START Record excerpts
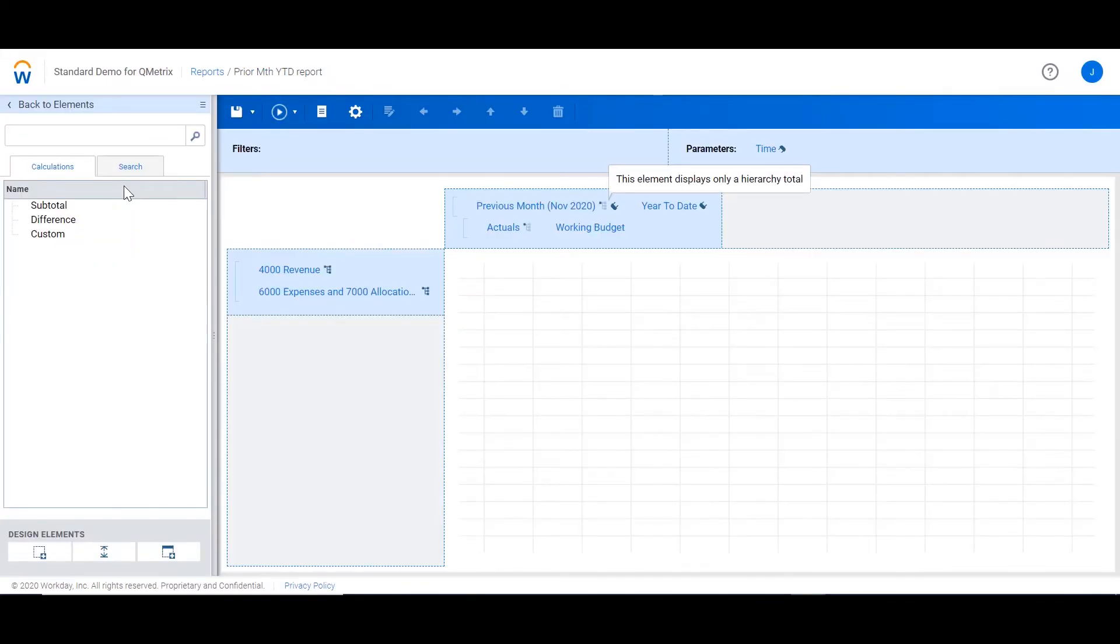Next, we move on to the difference calculation, which is used to subtract one element from another. A great example of this is a variance column.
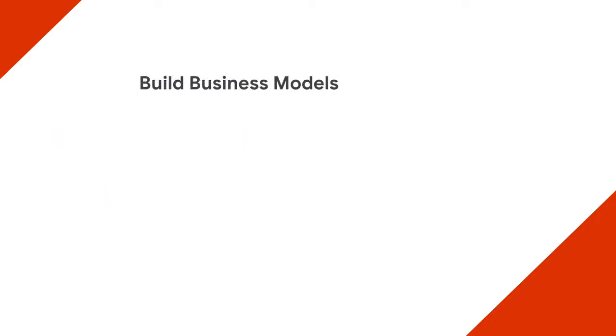Apigee also gives you the ability to build innovative business models through API monetization. You can choose from revenue sharing, usage-based billing, subscriptions, freemium, and many other pre-built models.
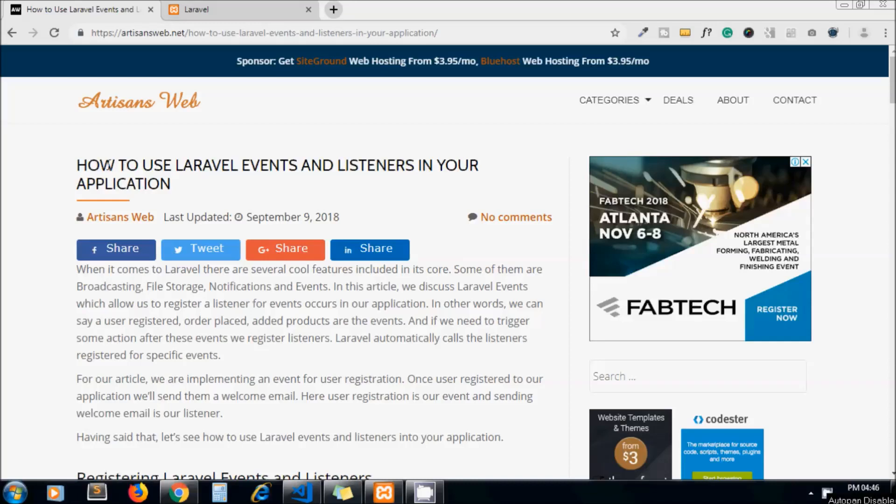Hello guys, welcome again to my channel ArtisansWeb. Our today's topic is how to use Laravel event and listeners. Laravel provides this event and listener feature in its core. It's like firing some code on specific events like on user registration, product added, or order placed. These are some examples of events and you can write down the code which should automatically execute on specific events.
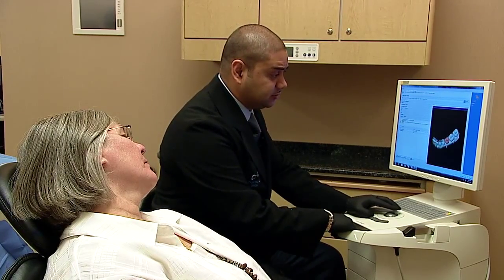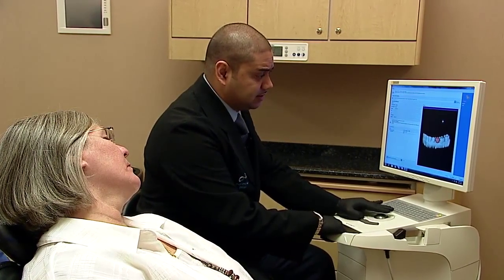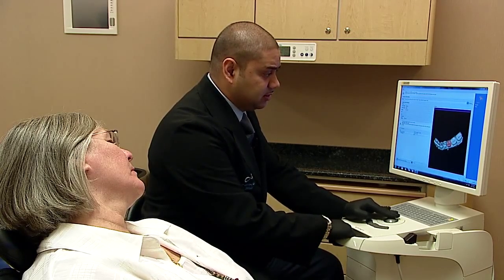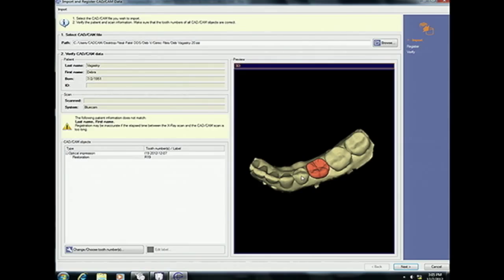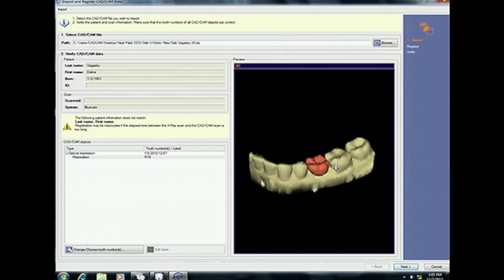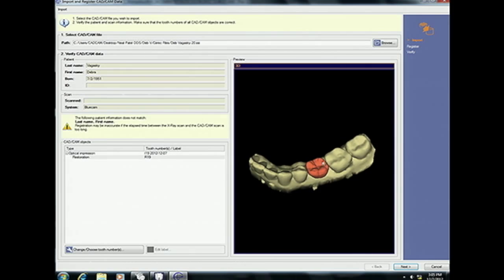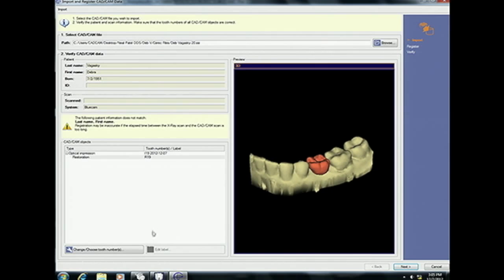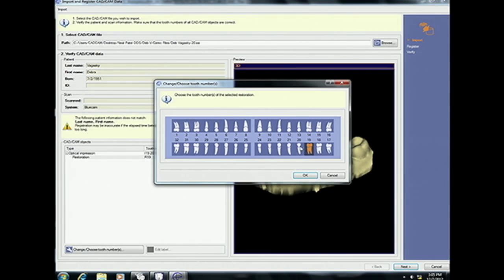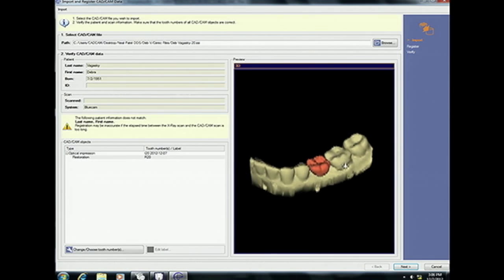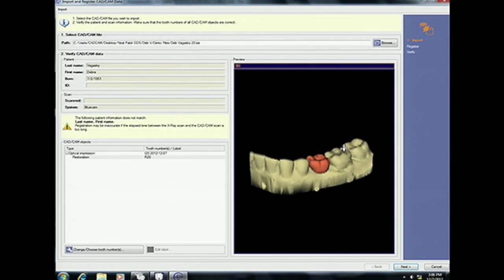You had a pediatric tooth, a baby tooth, that was there that needed to come out. That baby tooth happens to be much larger than the premolar that you were missing. So in the software, the tooth was labeled as 19 so that CEREC can actually design the appropriately shaped tooth for that edentulous site. We can relabel that for numbering and documentation purposes to tooth number 20, which is really what tooth we're replacing for Deb.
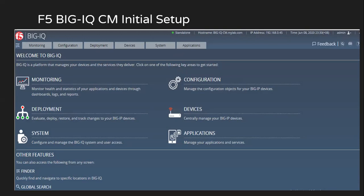With this, we have completed the initial setup of BigIQ CM via GUI.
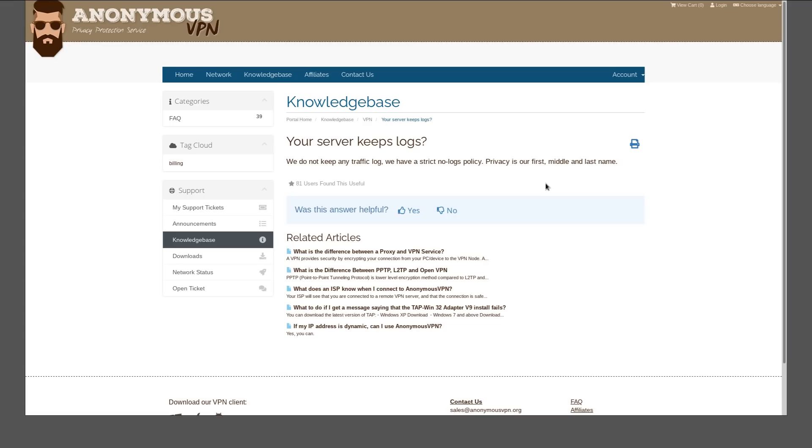Or maybe the VPN provider really honestly and truly doesn't keep any logs until they do. Maybe there was some kind of court case or subpoena where that VPN provider was involved—some bad guys were using them to do some bad guy stuff on the Internet. They went and got their servers and searched them, and there were no logs there.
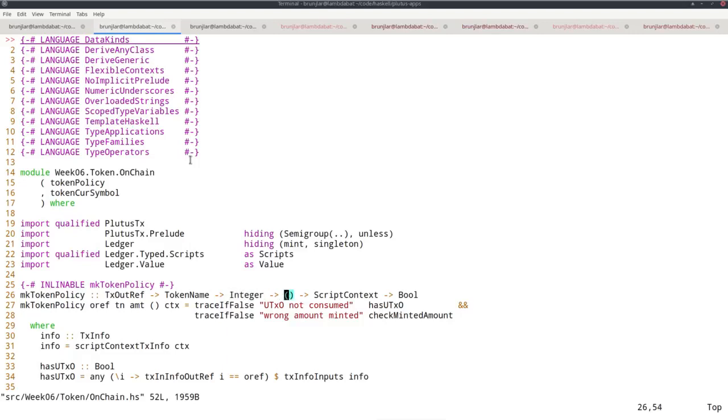So we don't need a redeemer. So that's just unit. And then as usual, the script context and the result is bool.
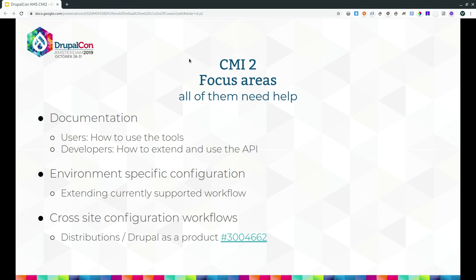The focus area where we've made the most progress is enhancing environment-specific configuration between different environments of the same site — for example, development modules that you don't want to deploy to production. This is where the most mature contrib solutions are, and we've gathered the best ideas and made them into core. The third focus area — the one I get the most questions about — is cross-site configuration: when you have several sites that share configuration between them. Distributions. It has many names.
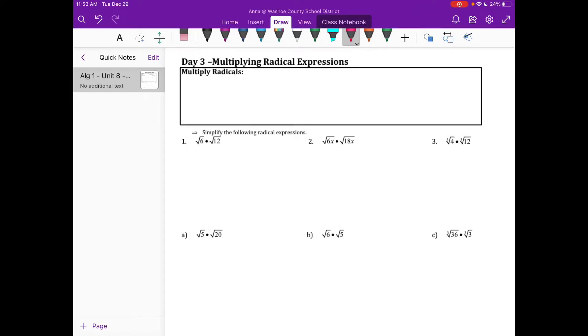Hi everybody, this is Mrs. Costello. I'm doing day three. We're going to be multiplying some radicals.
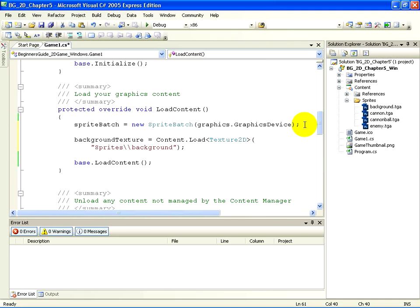This call will take the background.tga asset, load it through the XNA framework content pipeline, and turn it into a texture2d code object. Once we have that code object, we can draw it, which is what we are going to do next.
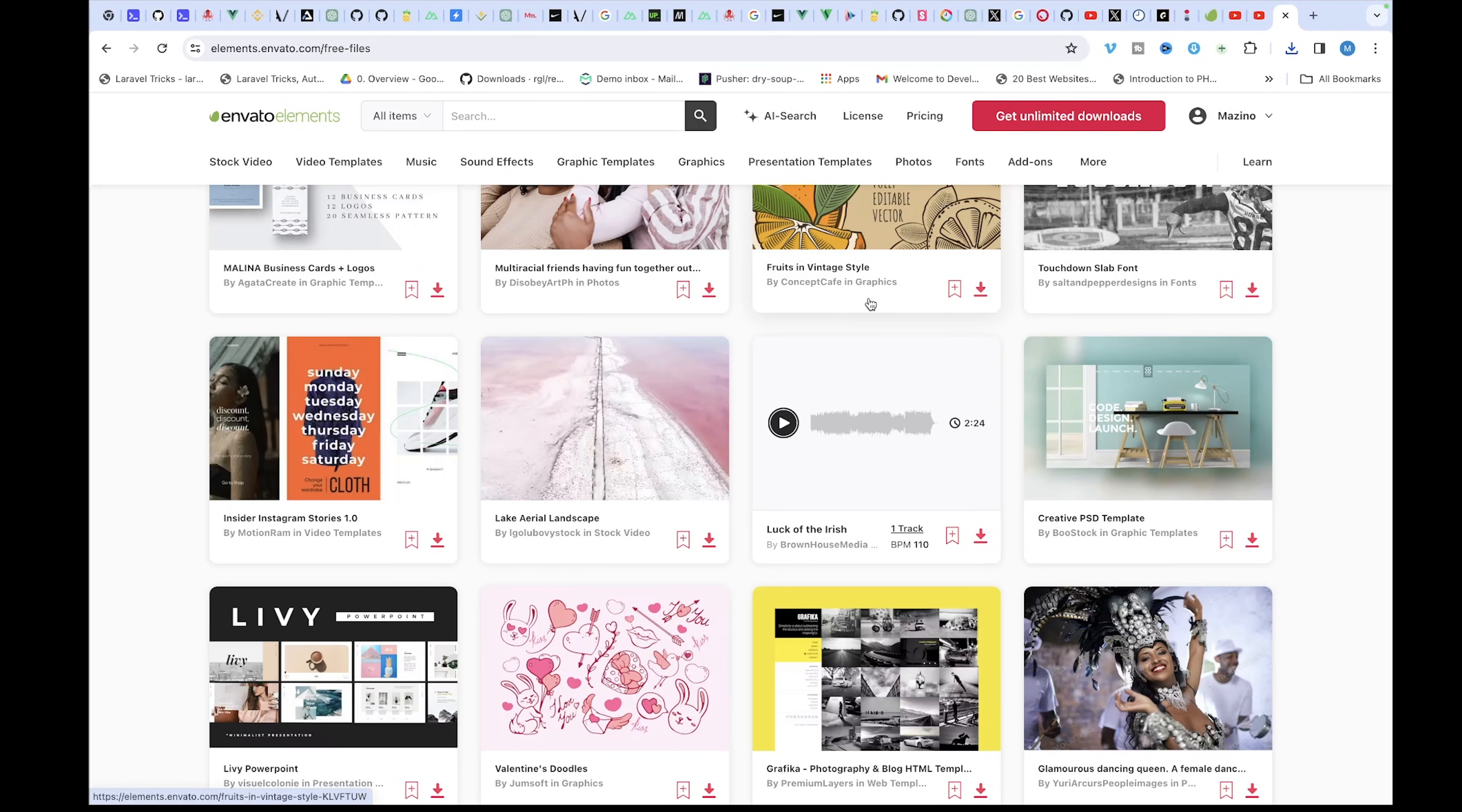However, there is nothing stopping you from actually subscribing to Envato Elements so you can have access to unlimited creative assets for your project. Make sure you check the link in my description to get started and if you enjoyed this video, make sure you give it a like and I'll see you in the next video. Peace.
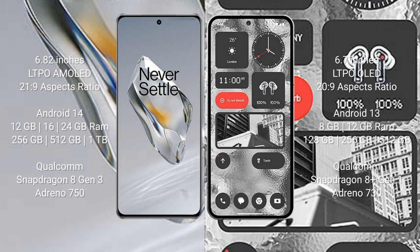OnePlus 12 runs on the Android 14 operating system. Nothing Phone 2 runs on the Android 13 operating system.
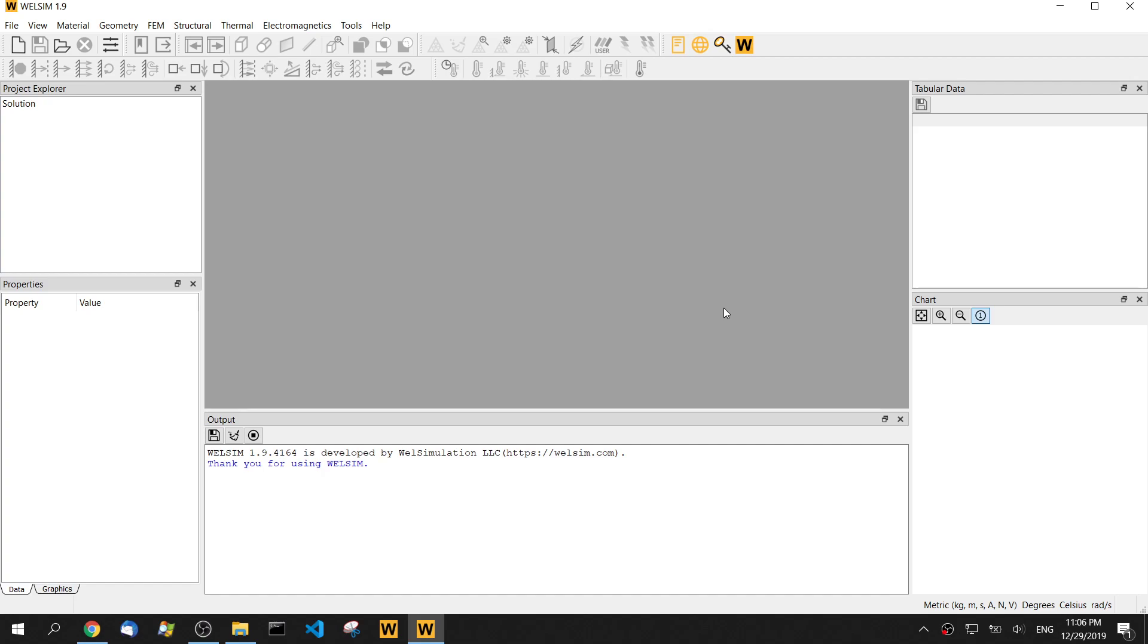Hello guys. In this video, I'm going to show you an example of transient structure analysis.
END Record excerpts
* [Aim of the task] Only one stretch of the listing above is to be duplicated: the lines from the one containing "Or maybe the" through the one containing "Hi everybody, this", both included. Copy them exactly, minus the pictures.

* [Answer for this exercise]
Or maybe the VPN provider really honestly and truly doesn't keep any logs until they do. Maybe there was some kind of court case or subpoena where that VPN provider was involved—some bad guys were using them to do some bad guy stuff on the Internet. They went and got their servers and searched them, and there were no logs there.
So we don't need a redeemer. So that's just unit. And then as usual, the script context and the result is bool.
The focus area where we've made the most progress is enhancing environment-specific configuration between different environments of the same site — for example, development modules that you don't want to deploy to production. This is where the most mature contrib solutions are, and we've gathered the best ideas and made them into core. The third focus area — the one I get the most questions about — is cross-site configuration: when you have several sites that share configuration between them. Distributions. It has many names.
Hi everybody, this is Mrs. Costello. I'm doing day three. We're going to be multiplying some radicals.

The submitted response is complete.